**Directions:** Beneath this line are entries. Copy the range from the line with "Image with gentle" to the line with "Vorschauseite 1: Hygienische", ends included, exactly; leave pictures out.

**Information:**
· · ·
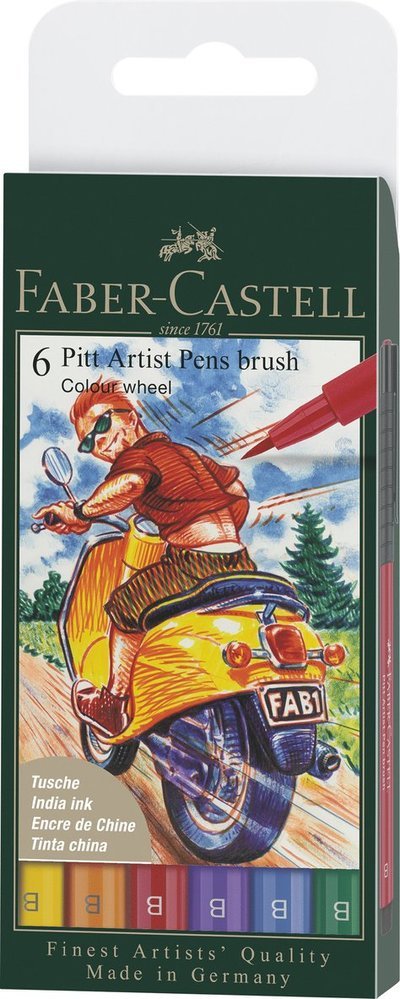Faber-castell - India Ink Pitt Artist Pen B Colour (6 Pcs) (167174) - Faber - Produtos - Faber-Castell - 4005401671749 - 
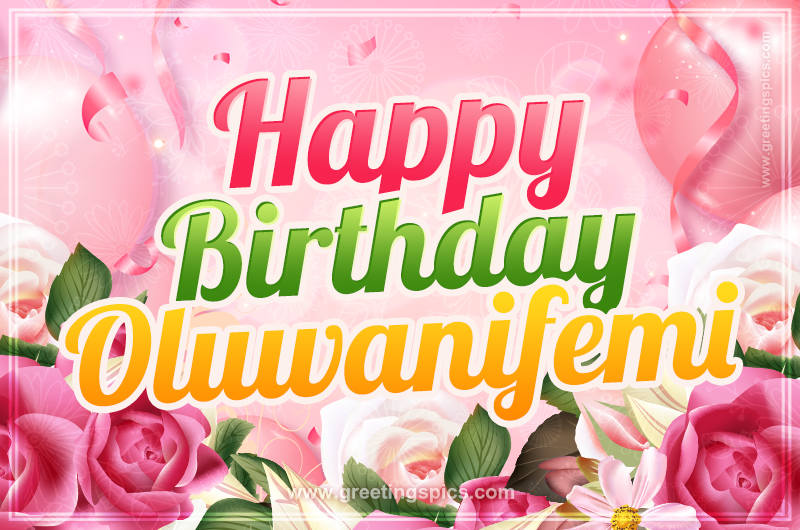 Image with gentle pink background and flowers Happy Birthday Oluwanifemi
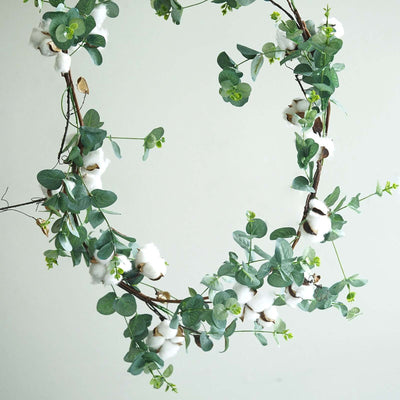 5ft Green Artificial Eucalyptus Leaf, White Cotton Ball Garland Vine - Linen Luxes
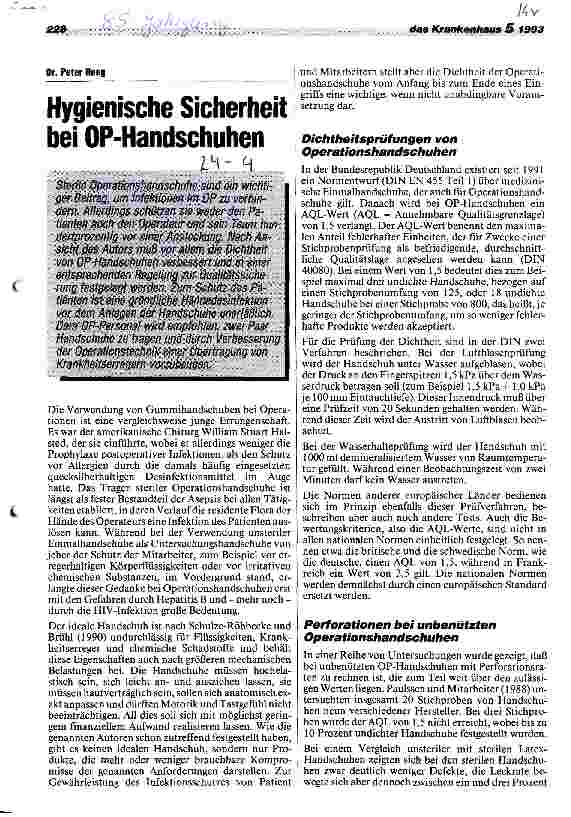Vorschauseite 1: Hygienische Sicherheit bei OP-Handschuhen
· · ·
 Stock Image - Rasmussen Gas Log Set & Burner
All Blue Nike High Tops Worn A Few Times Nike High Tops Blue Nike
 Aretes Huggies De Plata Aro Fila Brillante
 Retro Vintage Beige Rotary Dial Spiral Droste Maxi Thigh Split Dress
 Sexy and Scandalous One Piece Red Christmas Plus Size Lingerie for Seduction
· · ·
**Result of the task:**
 Image with gentle pink background and flowers Happy Birthday Oluwanifemi
 5ft Green Artificial Eucalyptus Leaf, White Cotton Ball Garland Vine - Linen Luxes
Vorschauseite 1: Hygienische Sicherheit bei OP-Handschuhen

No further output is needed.